No es que esté yo en posición de dar lecciones a nadie sobre el Festival de Eurovisión; simplemente disfruto enormemente con él, me aporta emoción, cultura general, musical, artística… me da vida. Aun así, pasaré (dentro de mis limitaciones) a analizar algunas claves del triunfo de la Wurst, poniendo de relieve todos los aspectos que, a mi juicio, han influido para que llegara a ser la número uno en la memorable noche del sábado 10 de mayo. Más tarde, pasaré a contraponer esas claves generales con los posibles parecidos razonables de nuestro querido Festival con el savoir faire de Estados Unidos (de ahí el título).

Esa noche, ante todo, me impresionó la calidad técnica que todos pudimos ver tanto desde la grada como desde el sofá de casa; una calidad que sobrepasaba los límites alcanzados en Düsseldorf, Bakú y, desde luego, Malmö (conclusión confirmada por espectadores de muy diverso origen y pelaje).

Para empezar, pudimos gozar de una realización exquisita; una motivación y una emoción del público que, no sé si es común a todos los festivales, pero desde luego me pareció sobrecogedora; y por supuesto, una calidad interpretativa en la mayoría de las canciones y escenografías que será difícil de superar en las próximas ediciones.

El listón está muy alto, pero nunca se sabe hasta donde llega el límite humano y tecnológico de la UER y de los países participantes. Eurovisión está demostrando ser un referente indiscutible en organización de espectáculos. Un día, una amiga estadounidense me comentó que esa calidad que tanto nos abruma es una mera copia de los espectáculos que se realizan en Estados Unidos. No supe contradecirla, pues seguramente sea verdad que el germen del formato que vemos hoy en Eurovisión esté en los excelentes conciertos o entregas de premios que se realizan en ese país.

Lo que no me atreví a replicar (y por eso lo detallo aquí) es que los elementos que desempeñan un papel esencial en Eurovisión no tienen nada que ver con los que puedan intervenir en las galas que se celebran al otro lado del Atlántico (conciertos de Madonna, Beyoncé, la Super Bowl, etc.). Aquí, digamos que estamos ante una olla a presión de alianzas, diásporas, vecinismos, enemistades históricas o puntuales… aparte de lo estrictamente musical. Elementos que en EEUU suenan bastante ajenos, ya que allí cuentan con una alianza nacional fuertemente unida, con un amor casi maternal hacia su bandera y con pocas tensiones (por no decir ninguna) entre estados, sea cual sea el evento al que se asista.

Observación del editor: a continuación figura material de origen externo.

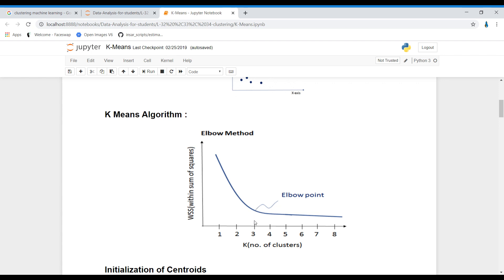The elbow method tells us how many different groups we can form in this particular dataset. We'll be using the elbow method to decide how many clusters we need. If you see at this particular elbow point, we have three — that means on that particular dataset we can group the data into three different clusters.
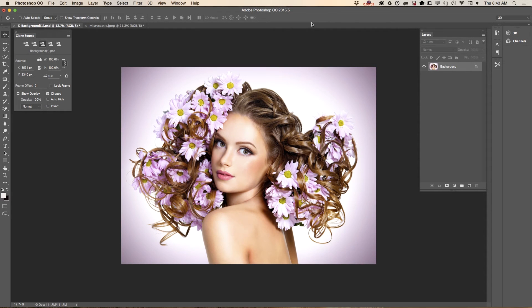Hello guys, my name is Agnari Pavlov and today I will show you how you can use the clone stamp tool. The clone stamp tool is very helpful with all your retouching and repair workflow. It paints one part of your image over another part of your image, or over another document which has the same color mode.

Y si bien para muchos nuestro Festival no es el lugar para reivindicar nada ni para sacar a relucir o deslucir las ingerencias geopolíticas que se estén dando en ese momento, eliminar ese componente resulta prácticamente imposible e incluso, para muchos, sería un craso error. No se ha conseguido en 59 años (aunque sí ha mejorado considerablemente desde la combinación de jurado y televoto), conque imagínense si se hiciera ahora una especie de competición entre 26 cantantes sin país ni bandera; solamente con su nombre, su canción y su autor. Podría existir, sí… pero no me cabe duda de qué, más tarde o más temprano, supondría la desaparición del Festival.

Dicho esto, lo que realmente nos diferencia de los americanos, es esa complicidad única y compleja que parecemos tener todos los europeos –sean o no eurofans– durante esa unión momentánea que nos proporciona el Festival, con esa historia consagrada que se inició con un deseo de moderar las tensiones entre países y aunar fuerzas por una noche (o varias, desde que hay semifinales).

Y por último pero no por ello menos importante, me pregunto qué habría pasado con Conchita Wurst en el intervalo de la Super Bowl, o en cualquier acto de los MTV Awards o del X Factor estadounidense. Dudo que la hubieran invitado a participar, pero en tal caso, me pregunto si habría supuesto algo parecido a lo que pasa en Rusia, por muy antagónicos que sean (boicots, reacciones desmesuradas, revuelos mediáticos…).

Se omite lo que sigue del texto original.